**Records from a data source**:

......

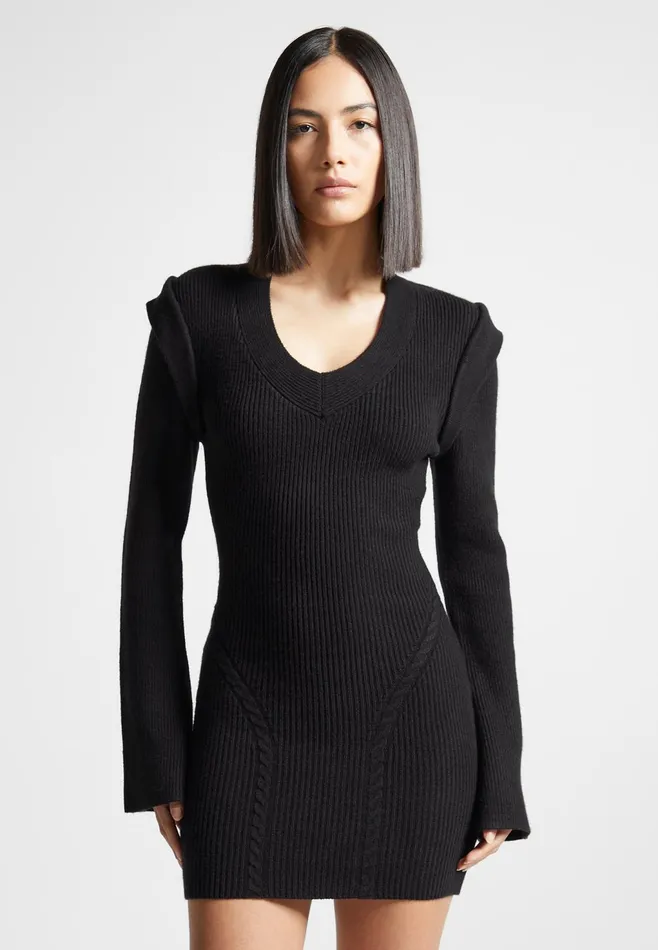 Women Manire De Voir Wide Shoulder Knitted Contour Mini Dress Black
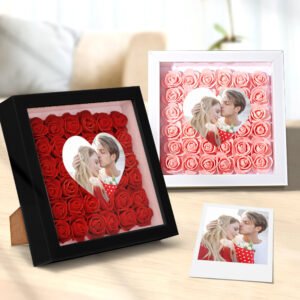 Custom Photo Flower Shadow Box Personalized Heart Flower Shadowbox Frame Gift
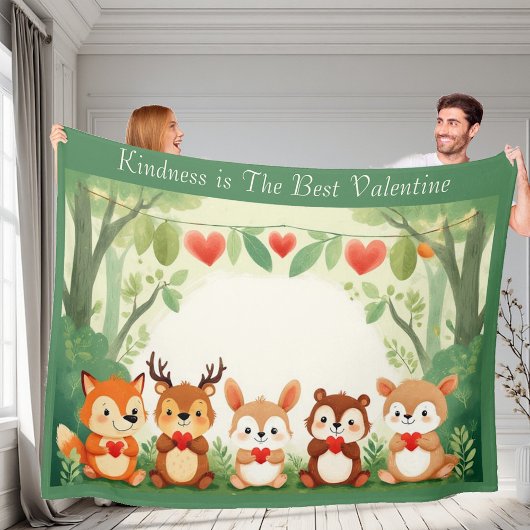 Kindness Best Valentine Nursery Woodland Animals  Fleece Deken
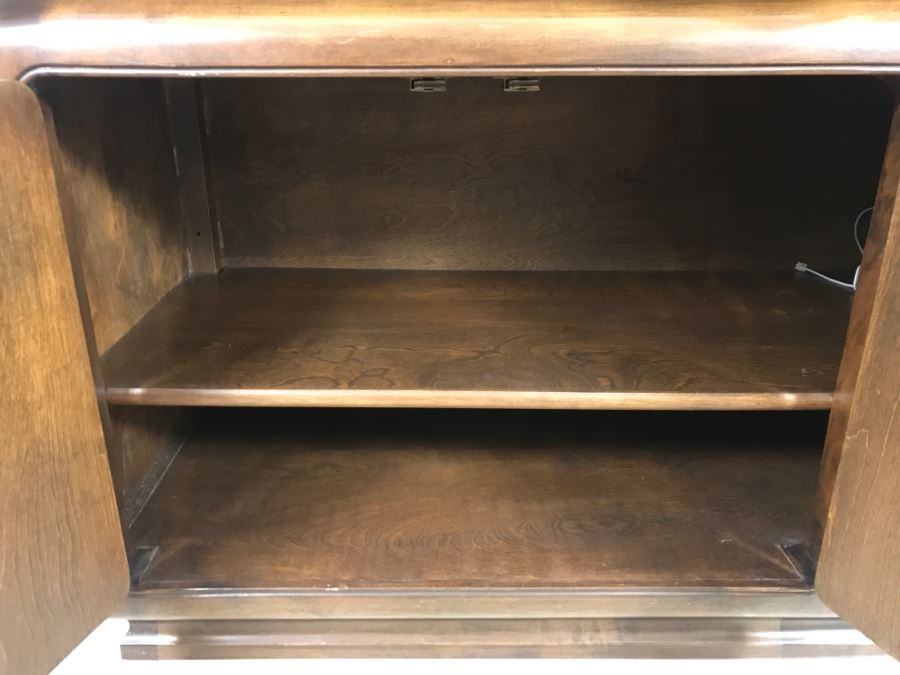 Stunning Wooden 2-Piece Chinoiserie China Display Cabinet With Lower Storage Carved Rose And Bird Motif [Photo 15]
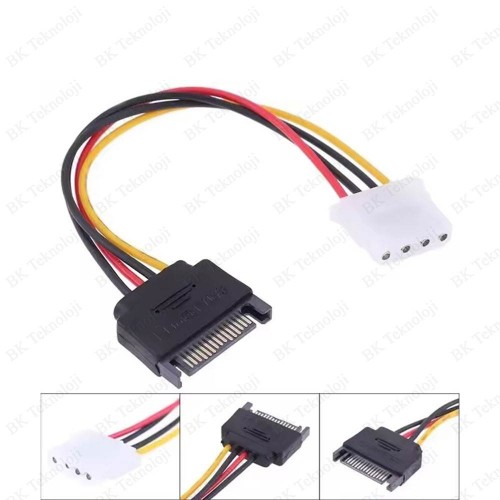 15 Pin SATA Erkek to 4 Pin Molex IDE Dişi Çevirici Kablo SATA - IDE Güç Kablosu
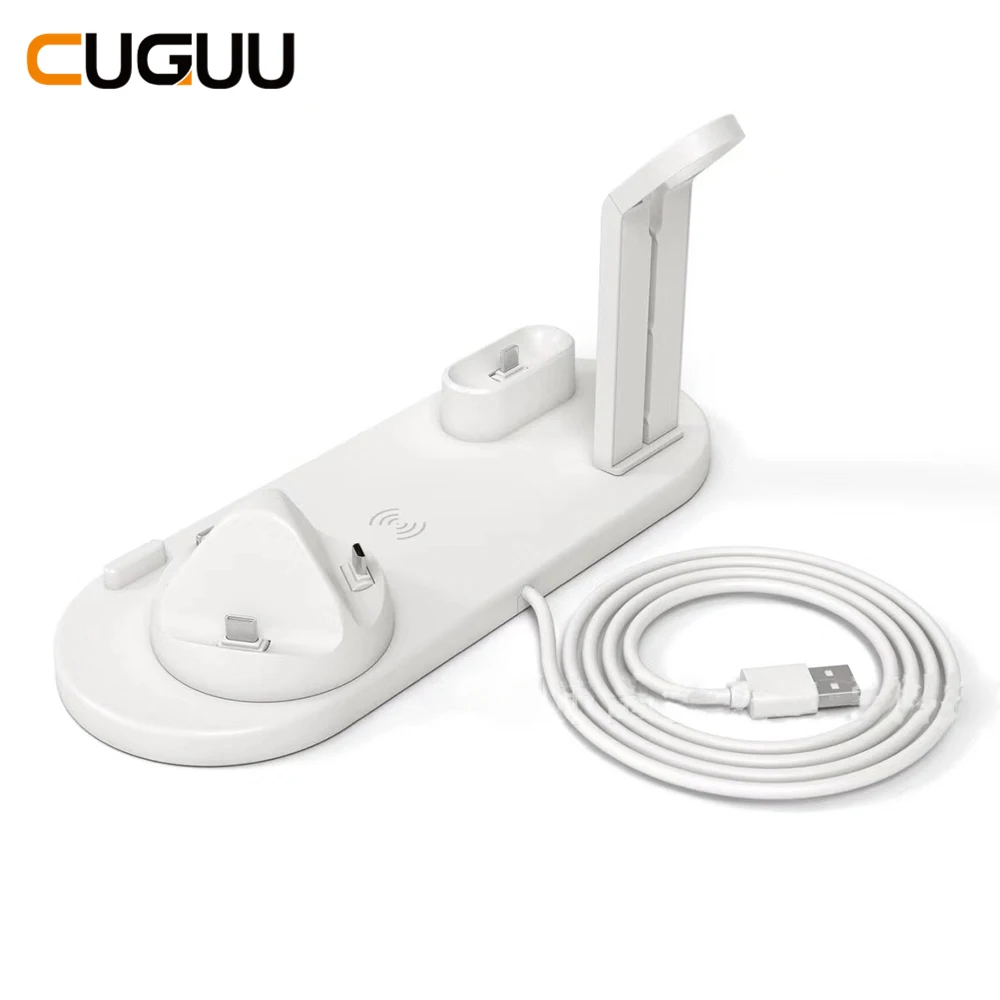 10 Вт Qi Беспроводное зарядное устройство док-станция 4 в 1 для Iphone Airpods Micro usb type C подставка Быстрая зарядка 3,0 Для Apple Watch зарядное устройство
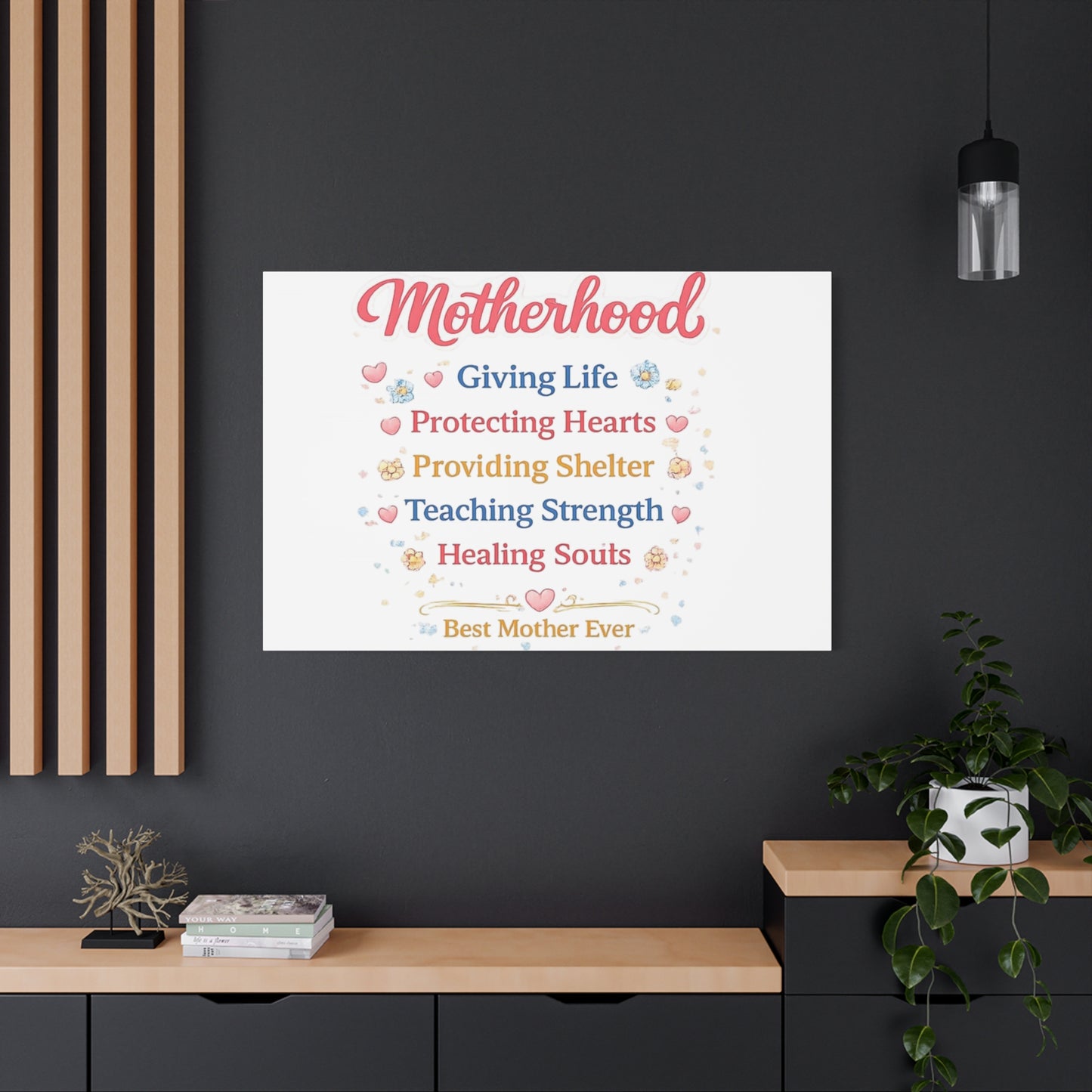 Motherhood Canvas Wall Art — "Motherhood: Giving Life, Protecting Hearts" Stretched Matte Print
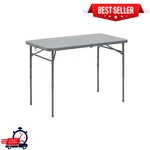 Mainstays 40" Folding Table, Adjustable Height, Portable Plastic Desk, Gray, New. Fixed Price $44.99.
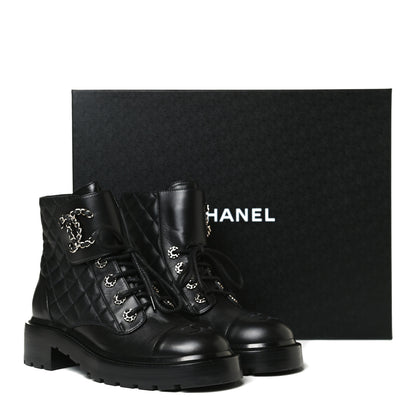 Chanel Shiny Lambskin Quilted Lace Up Combat Boots 37.5 Black 14 of 14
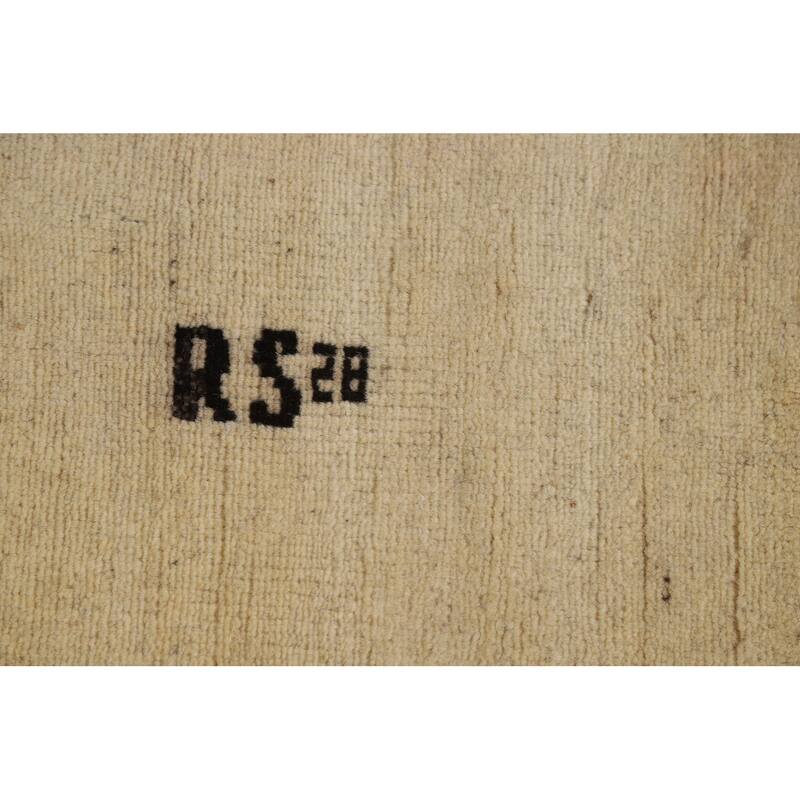 Contemporary Gabbeh Area Rug Hand-Knotted Wool Carpet - 7'11"x 9'8"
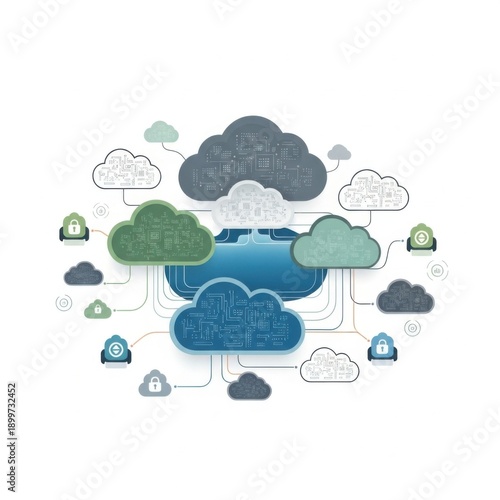 Conceptual cloud computing network illustration showcasing secure data transfer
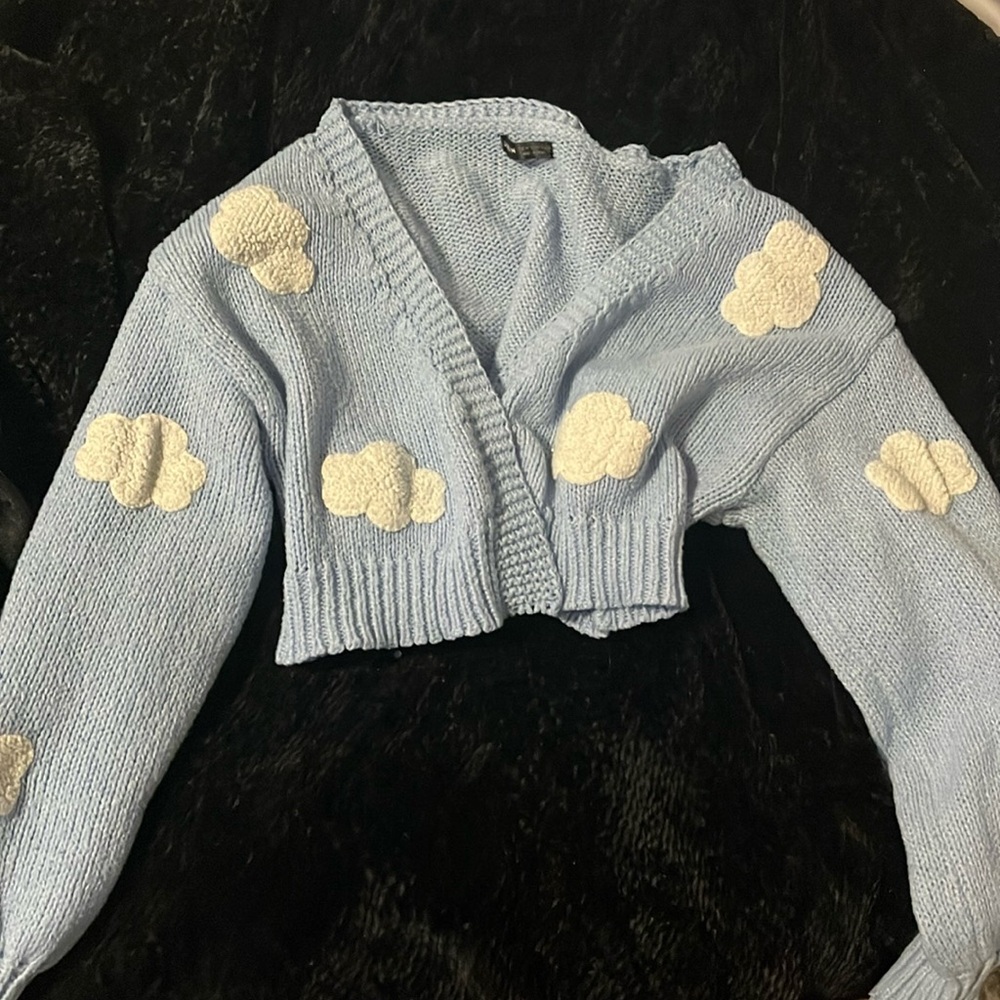 Light blue with clouds cropped cardigan. Shein. Size medium.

......

Excluding all pictures, output exactly the lines from the line containing "Contemporary Gabbeh Area" through the last line of the entries above.

 Contemporary Gabbeh Area Rug Hand-Knotted Wool Carpet - 7'11"x 9'8"
 Conceptual cloud computing network illustration showcasing secure data transfer
 Light blue with clouds cropped cardigan. Shein. Size medium.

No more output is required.